Let's see what you filled in.
So of the factors of 18, 1, 3, 9, only 3 is a prime number, which means 1 and 9 both had to go by B.
For the two numbers that were not factors of 18, so 7 and 25, 7 is a prime number, so goes by C and 25 is not, so goes by D.
Now the spinner lands on a number that is not a factor of 18, but it is a prime number.
Which number did the spinner land on? Pause and write that now.
Welcome back.
Did you say seven? You should have done because remember we went down the branch that refers to not a factor of 18 and then the branch that refers to a prime number, and seven's the only outcome listed there.
It's now time for our final task.
We're going to spin this spinner once, complete the outcome tree by showing where the different outcomes go.
In part B, the spinner lands on 11.
Using the outcome tree, which two events just took place? Pause while you complete this.
Question two, a spinner has outcomes of 5, 9, 15, 25, 28, and 441.
Now I'm asking you to complete this outcome tree and you might think you don't have enough information, but if you look carefully enough, you'll see in fact that you do.
So slightly tricky this time.
But pause the video, I know you can do this.
Good luck.
Welcome back.
Question three, a spinner has outcomes of 1, 4, 8, 16, 25, 27, 30, 36, 39 and 64.
Jacob's going to spin this spinner and he looks for the events of landing on a square number and also a cube number.
So please draw and complete an outcome tree for this trial.
And then in part B, how many outcomes match the events that Jacob is looking for? Remember, Jacob wants a square number that is also a cube number.
Then in question four, we have a cafe where the following drinks are on the menu.
I'd like you please to create an outcome tree with the first event being has a handle and the second event being has a straw.
And then on your tree, circle the outcomes that represent straw, but no handle.
Pause and do this now.
Welcome back.
Let's go through some answers.
So, for the outcome tree, I filled in where the different outcomes go.
You'll notice that there were no square numbers that were also prime numbers.
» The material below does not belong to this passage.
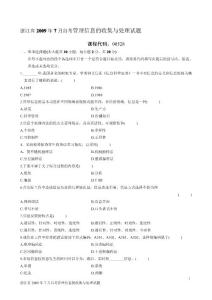 浙江省2009年7月自考管理信息的收集与处理试题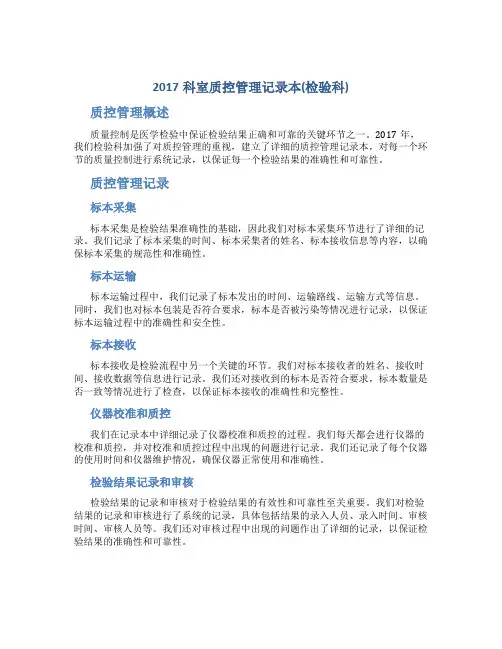 2017科室质控管理记录本(检验科)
Did that surprise you? I suspect not because you know that a prime number can only have two factors, one in itself.
In part B, the spinner lands on 11.
The outcome tree shows you which two events must have happened.
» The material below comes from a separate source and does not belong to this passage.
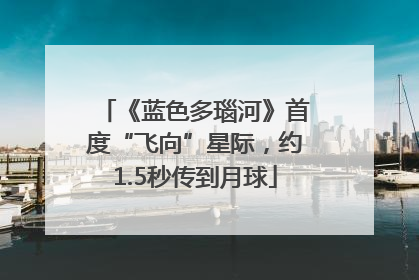 《蓝色多瑙河》首度“飞向”星际，约1.5秒传到月球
And we must have had the event, not a square number, but also the event prime number.
Question two, you had to complete the outcome tree.
So please feel free to pause the video if you want to check your answers against mine.
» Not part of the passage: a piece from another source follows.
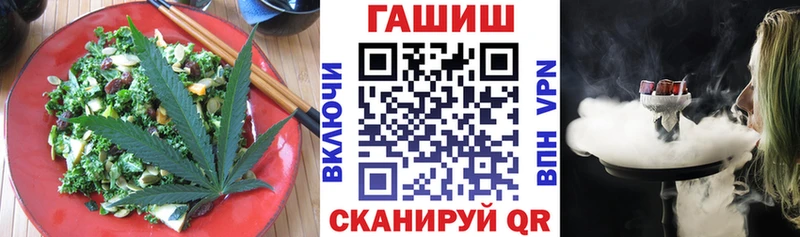Купить где  Ступино  Cannafood марихуана 
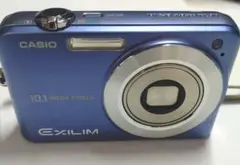2025年最新】casio ex z1050の人気アイテム - メルカリ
You did have enough information to fill this in because you knew one event was multiple of five, the opposite or the complement event had to be not a multiple of five.
And for the second phase we could see not a square number so we knew the opposite was square number.
And question three, we had our list of outcomes and Jacob was going to spin the spinner and look for events of landing on a square number that is also a cube number.
And there were two outcomes that satisfied these conditions, and that's 1 and 64.
For four, you had to create an outcome tree with the first event being handle and the second has a straw.
And I've got an example of a tree diagram here.
Remember, you might have swapped these round so no handle might have been on the top branch and handle might have been on the second.
But you'll still get the same outcomes.
For B, you had to circle the outcomes that represent having a straw with your drink, but no handle.
So you should have circled the outcomes D, E, and H, and they should have all been together.
It's now time to sum up today's learning.
The branches of an outcome tree show outcomes of a trial.
And when looking at two events from the same trial, a tree diagram helps to organise the sample space according to those two events and their combinations.
When looking at a two-stage trial, the tree can help find the sample space in a systematic way by considering the two parts of the trial and their outcomes one at a time.
A sample space can be made from any outcome tree that represents multiple stages of a trial.
Well done.
You've done a fantastic job today.
I hope you found learning about outcome trees useful and that you could see how they're an alternative way to completing a sample space.
How did you feel about them? Hopefully you enjoyed it.
I look forward to seeing you for more lessons on probability.